PROBLEM DETAILS » Please repeat only the lines below starting at the line that holds "Fotografia ślubna Wrocław" and ending at the line that holds "Upgrade for priority", exactly, with both of those lines included and every picture omitted.

++++++++++

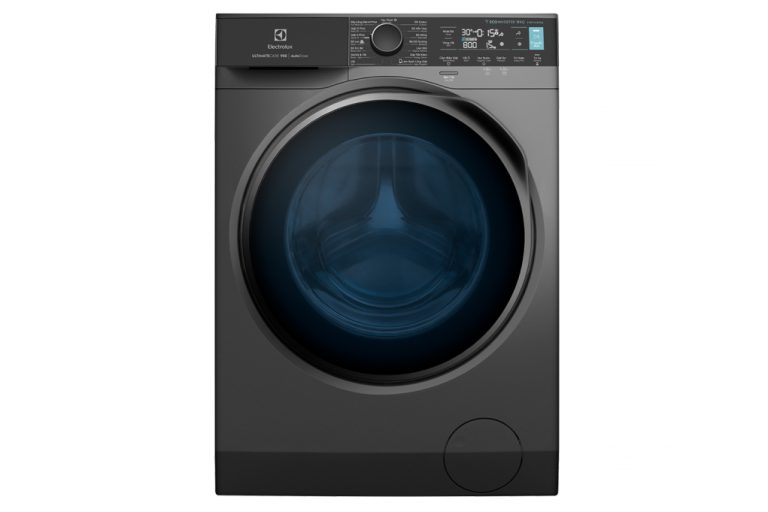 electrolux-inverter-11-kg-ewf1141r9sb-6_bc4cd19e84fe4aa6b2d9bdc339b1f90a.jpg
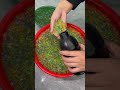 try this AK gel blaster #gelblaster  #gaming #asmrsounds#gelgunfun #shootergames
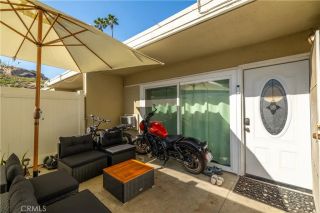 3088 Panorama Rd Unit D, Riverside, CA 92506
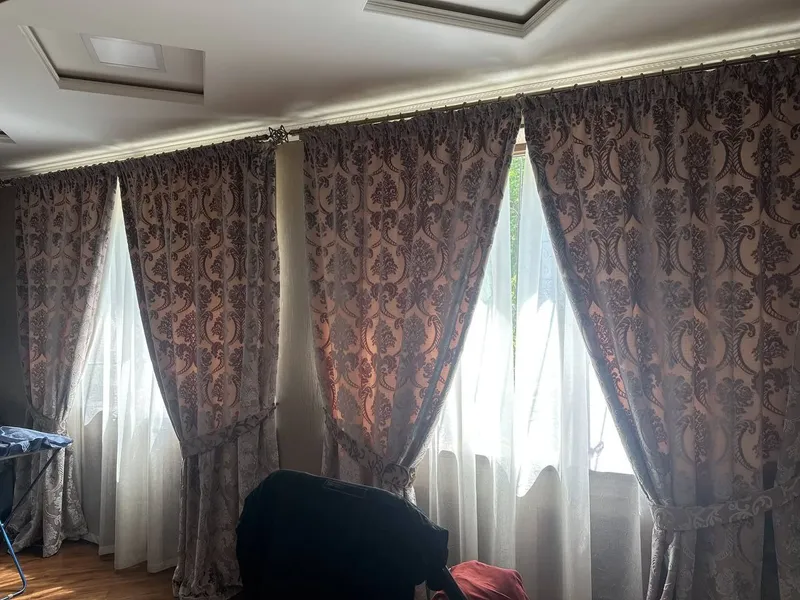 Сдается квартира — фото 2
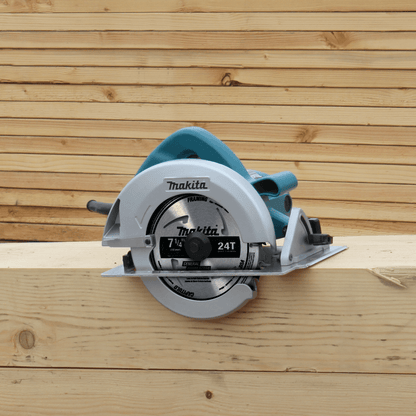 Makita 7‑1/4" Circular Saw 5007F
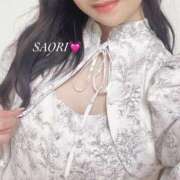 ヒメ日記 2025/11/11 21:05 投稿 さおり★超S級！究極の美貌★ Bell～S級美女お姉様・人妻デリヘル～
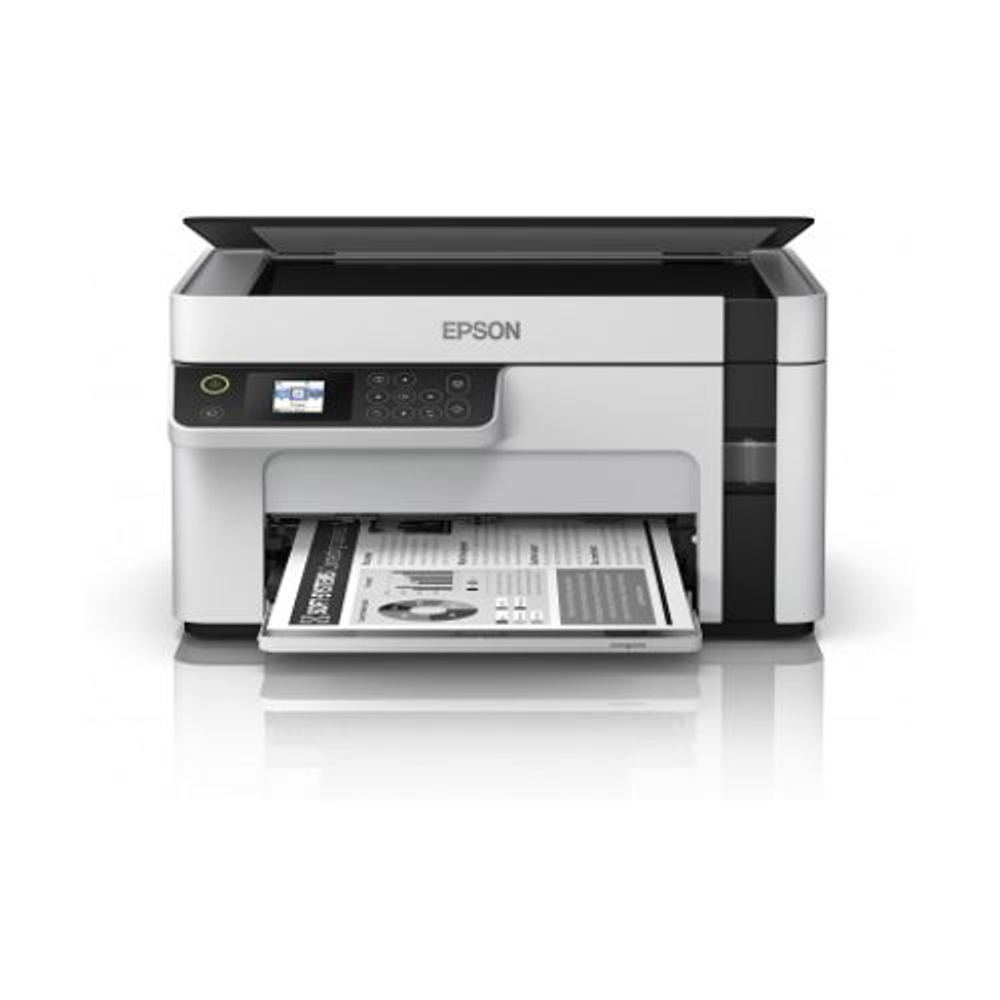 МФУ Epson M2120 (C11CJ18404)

++++++++++

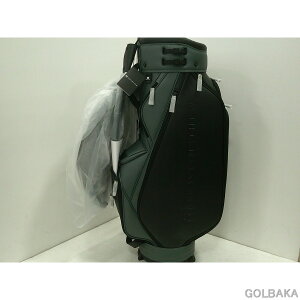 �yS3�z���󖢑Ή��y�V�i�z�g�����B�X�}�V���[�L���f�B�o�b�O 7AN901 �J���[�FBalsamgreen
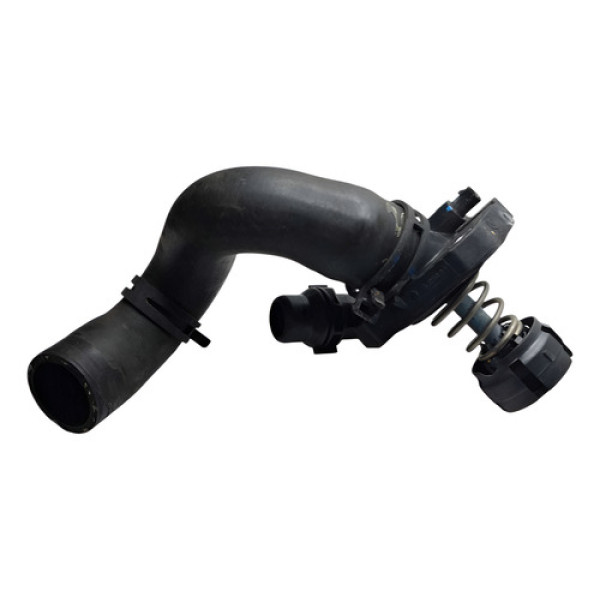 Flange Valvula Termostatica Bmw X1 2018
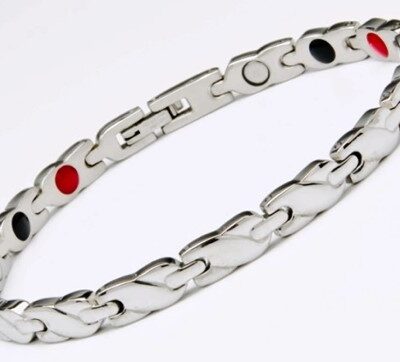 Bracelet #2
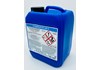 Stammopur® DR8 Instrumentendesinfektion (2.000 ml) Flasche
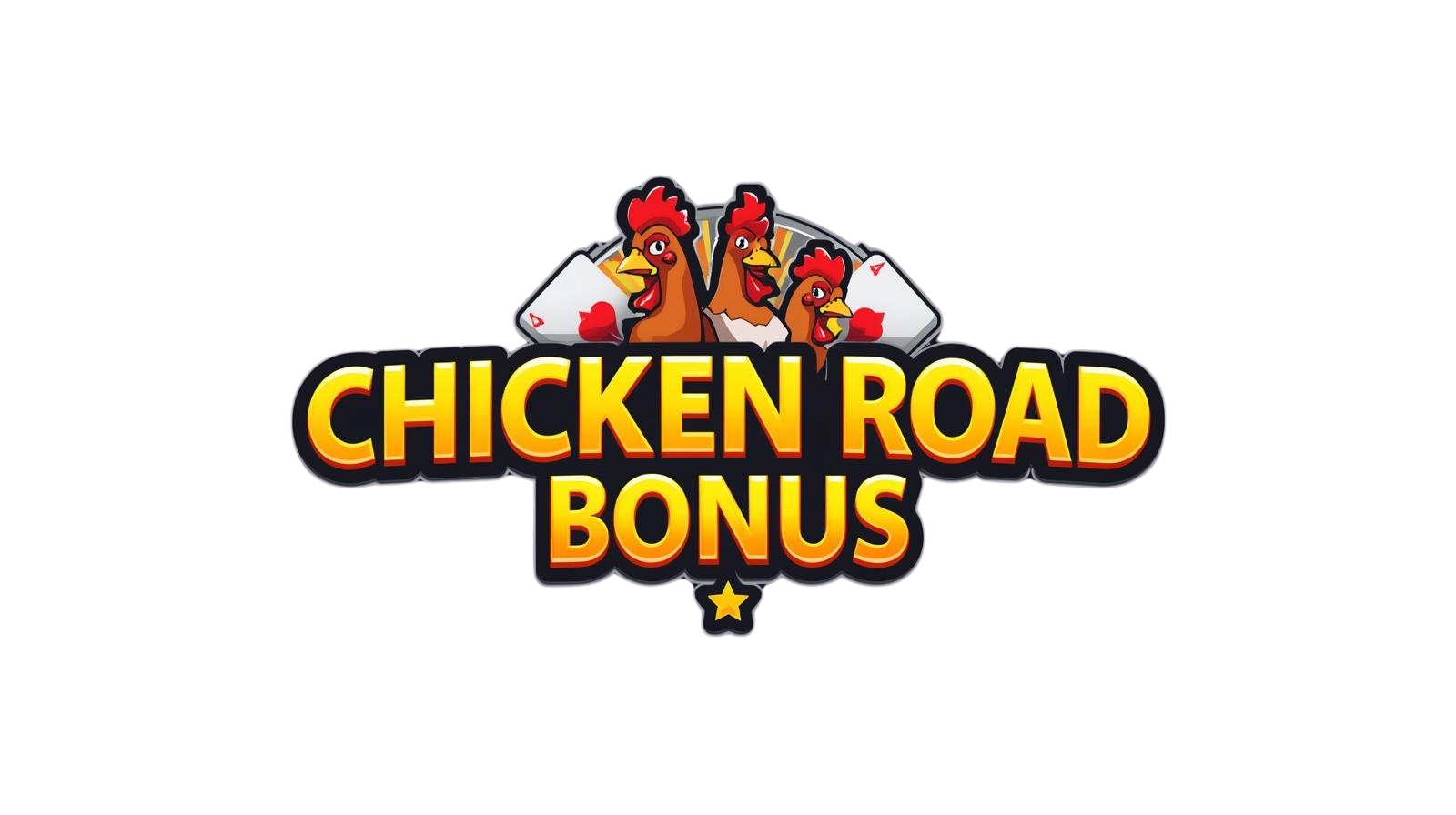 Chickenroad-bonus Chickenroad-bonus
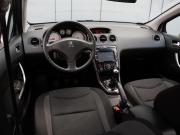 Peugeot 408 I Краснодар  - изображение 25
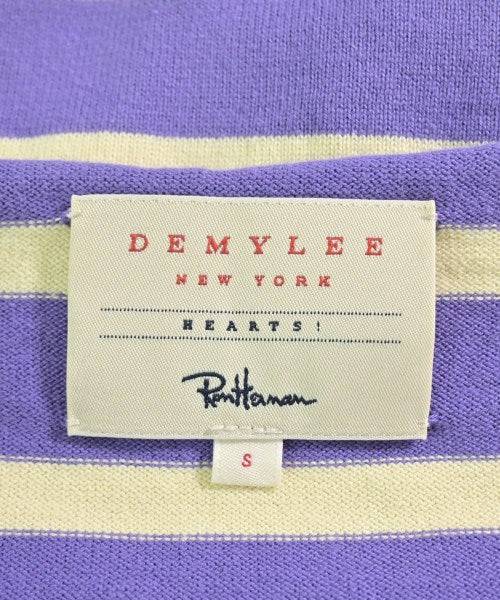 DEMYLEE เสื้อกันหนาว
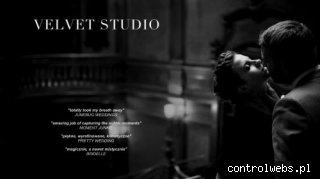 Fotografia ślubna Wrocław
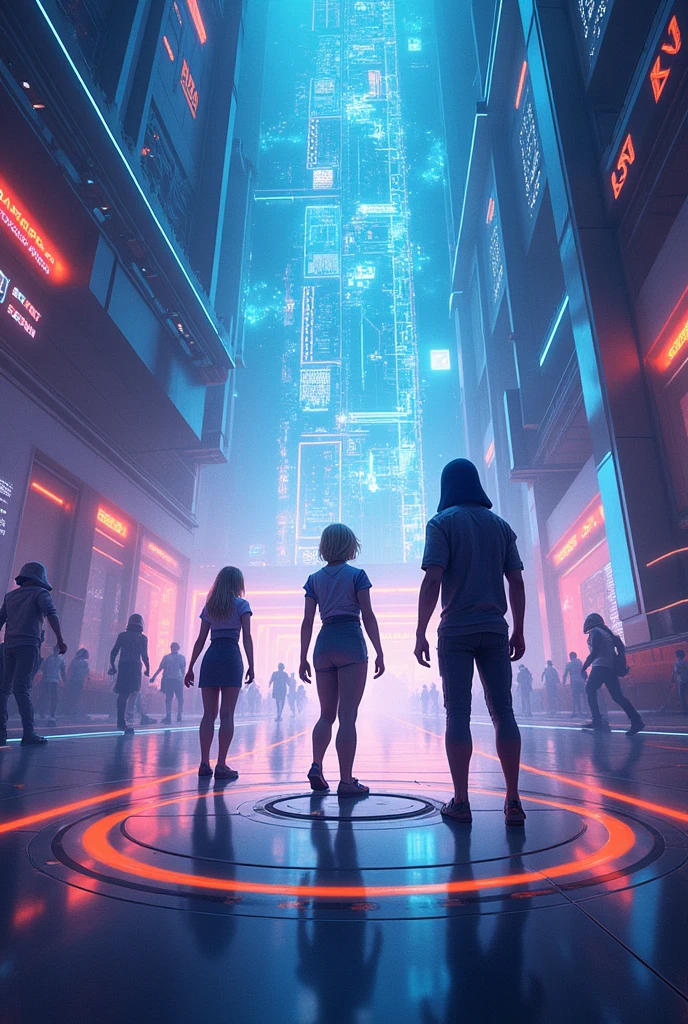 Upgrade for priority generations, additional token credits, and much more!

++++++++++

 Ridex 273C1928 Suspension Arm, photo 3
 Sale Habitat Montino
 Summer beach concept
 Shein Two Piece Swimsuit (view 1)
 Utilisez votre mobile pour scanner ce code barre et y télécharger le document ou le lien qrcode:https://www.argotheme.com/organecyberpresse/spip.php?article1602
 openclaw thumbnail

++++++++++

ANSWER BELOW »
 Fotografia ślubna Wrocław
 Upgrade for priority generations, additional token credits, and much more!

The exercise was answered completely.